Les syndicalistes à l’épreuve de la démocratie

«Un coup d’Etat contre la loi fondamentale de l’Ugtt», «une pratique antidémocratique», etc., les langues commencent à se délier, et ce que l’on disait dans les cercles restreints ou parmi les syndicalistes se disant au parfum de ce qu’on mijote au sein du bureau exécutif afin de contourner le fameux article 20 interdisant le troisième mandat successif est désormais connu de l’ensemble des syndicalistes, plus particulièrement ceux attachés bec et ongles à la préservation du statut de l’Ugtt et opposés catégoriquement à l’amendement de l’article 20.

Hier, le mécontement et la contestation de ceux qui soupçonnent la direction actuelle de l’Ugtt de concoter un plan dans le sens de l’amendement de l’article en question ont été exprimés publiquement et bruyamment à l’occasion d’un rassemblement de protestation organisé à la place Mohamed-Ali, à l’initiative de plusieurs secteurs d’activité et de nombreux syndicalistes des régions venus dire un non catégorique à ceux qui cherchent à organiser les 24, 25 et 26 août une session exceptionnelle du Conseil national de la centrale syndicale ouvrière (le Conseil national constitue la plus importante structure de décision au sein de l’Ugtt après le Congrès national) qui aura, selon certaines sources proches du bureau exécutif actuel, «à examiner et à discuter toutes les question et dossiers», une formule lapidaire à saisir dans le sens que ce Conseil national exceptionnel devrait avaliser l’amendement de l’article 20 des statuts de l’Ugtt, lequel amendement permettra, s’il est adopté, à Noureddine Taboubi de postuler à un nouveau mandat de cinq ans (2021-2026) à la tête de l’Ugtt et ouvrira aussi la voie à plusieurs membres du bureaux exécutif actuel comme Samir Cheffi, Sami Tahri, Bouali M’barki, Hfaiedh Hfaiedh, etc. de se porter de nouveau candidats au bureau exécutif de l’organisation.
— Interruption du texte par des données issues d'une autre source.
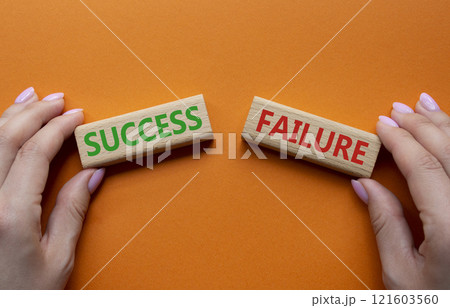 Success or Failure symbol. Concept word Success or Failure on wooden blocks. Businessman hand. Beautiful orange background. Business and Success or Failure concept. Copy space Success or Failure symbol. Concept word Success or Failure on wooden blocks. Businessman hand. Beautiful orange background. Business and Success or Failure concept. Copy space 121603560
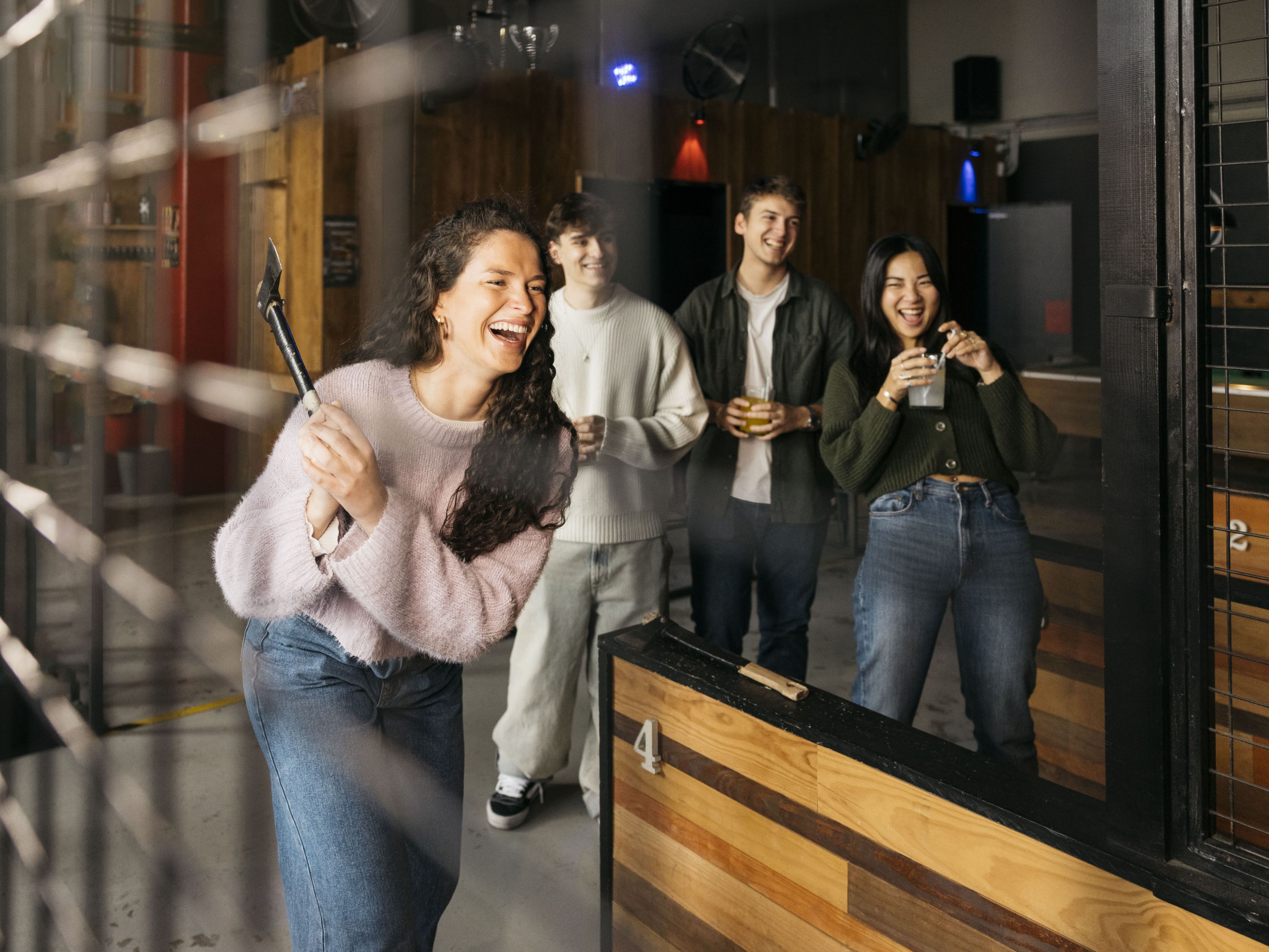 Group of friends axe throwing.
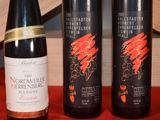 three bottles of wine sitting on a table next to each other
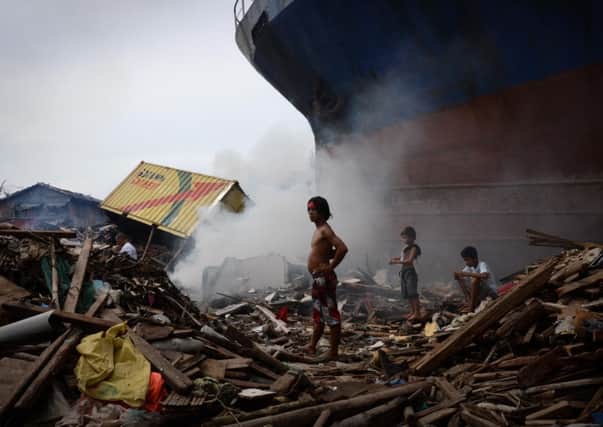 Children among the debris as the clean up continues over Christmas in Tacloban. Picture: Getty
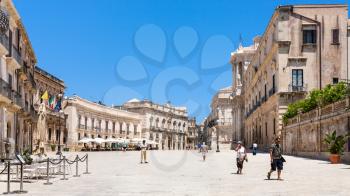 SYRACUSE, ITALY - JULY 3, 2011: tourists on main square piazza Duomo in Syracuse city in Sicily. The city is a historic town in Sicily, the capital of the province of Syracuse.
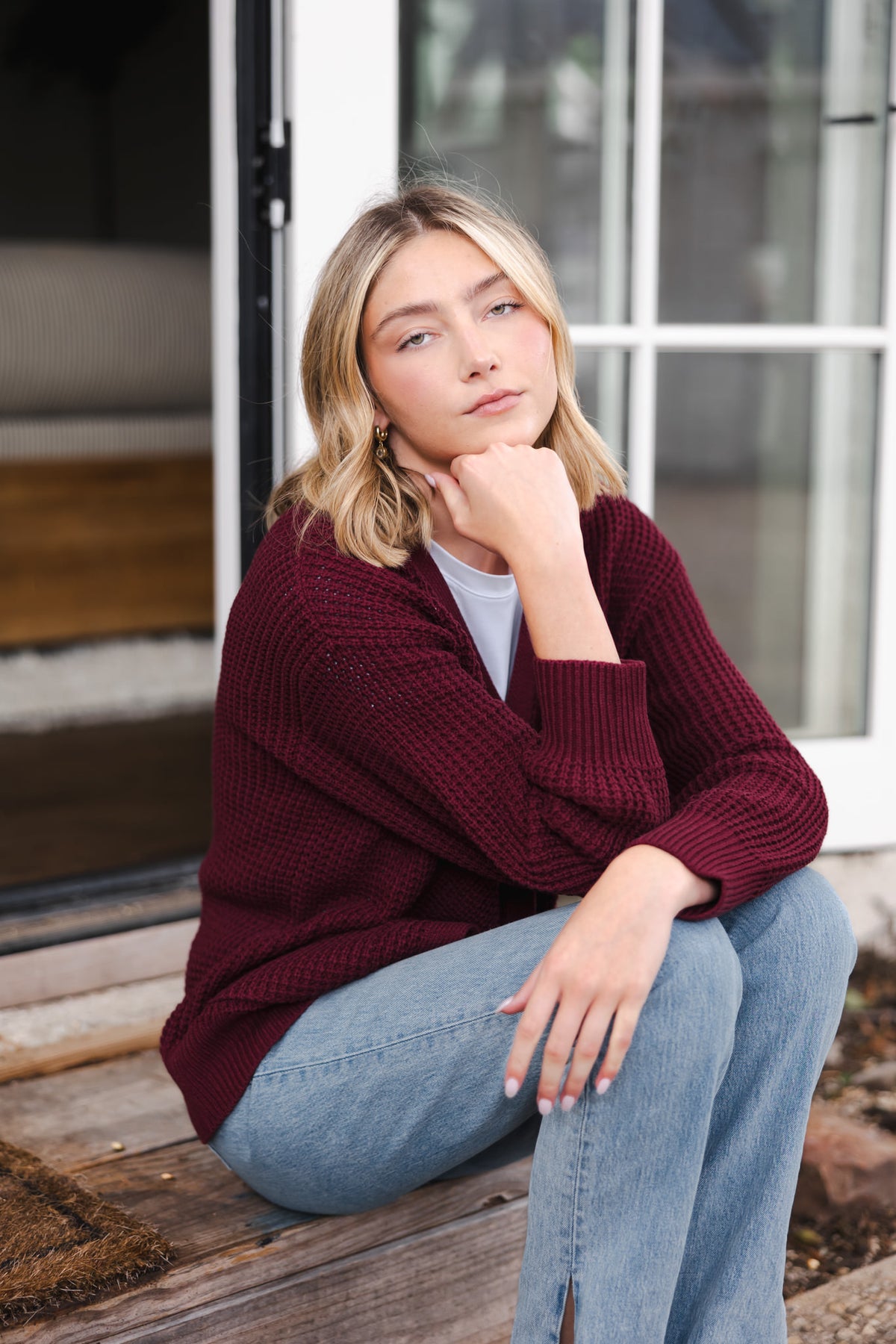 Modal posing outdoors wearing Chunky Knit Women's Waffle Cardigan in Burgundy over white T-shirt and blue jeans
Sauf que les jaloux du respect des statuts de l’organisation ne sont pas restés les mains croisées. Hier, ils ont fait entendre leur indignation de voir seulement deux membres du bureau exécutif actuel refuser l’amendement de l’article 20 des statuts de l’organisation. Abderrazak Ben Saïd, l’un des organisateurs du rassemblement de protestation, souligne : « Lors du dernier congrès national, on a essayé d’amender cet article mais les forces démocrates s’y sont opposées et ont réussi à le rejeter. Le même scénario  se répète aujourd’hui et c’est dangereux quand cela émane d’une organisation qui défend les droits et la démocratie alors qu’elle transgresse ses propres statuts»

Quant au bouillonnant secrétaire général de l’enseignement secondaire, Lassâd Yaccoubi, il n’y va pas par quatre chemins pour dénoncer «une entorse à la loi fondamentale de l’Ugtt» et d’ajouter : « Tout ce que fait la direction centrale de l’Ugtt nuira gravement à l’Union.»

Du côté des membres du bureau exécutif de l’Ugtt, l’intérêt est plutôt consacré presque exclusivement à la composition du gouvernement Mechichi. Et Samir Cheffi, secrétaire général adjoint de l’Ugtt, fausse un peu compagnie à son patron Taboubi, supporter du gouvernement composé de compétences totalement indépendantes de tous les partis politiques, comme le crie toujours Hichem Mechichi, pour souligner : «Les partis politiques ont le droit de donner leur avis sur la composition du gouvernement qui dirigera le pays».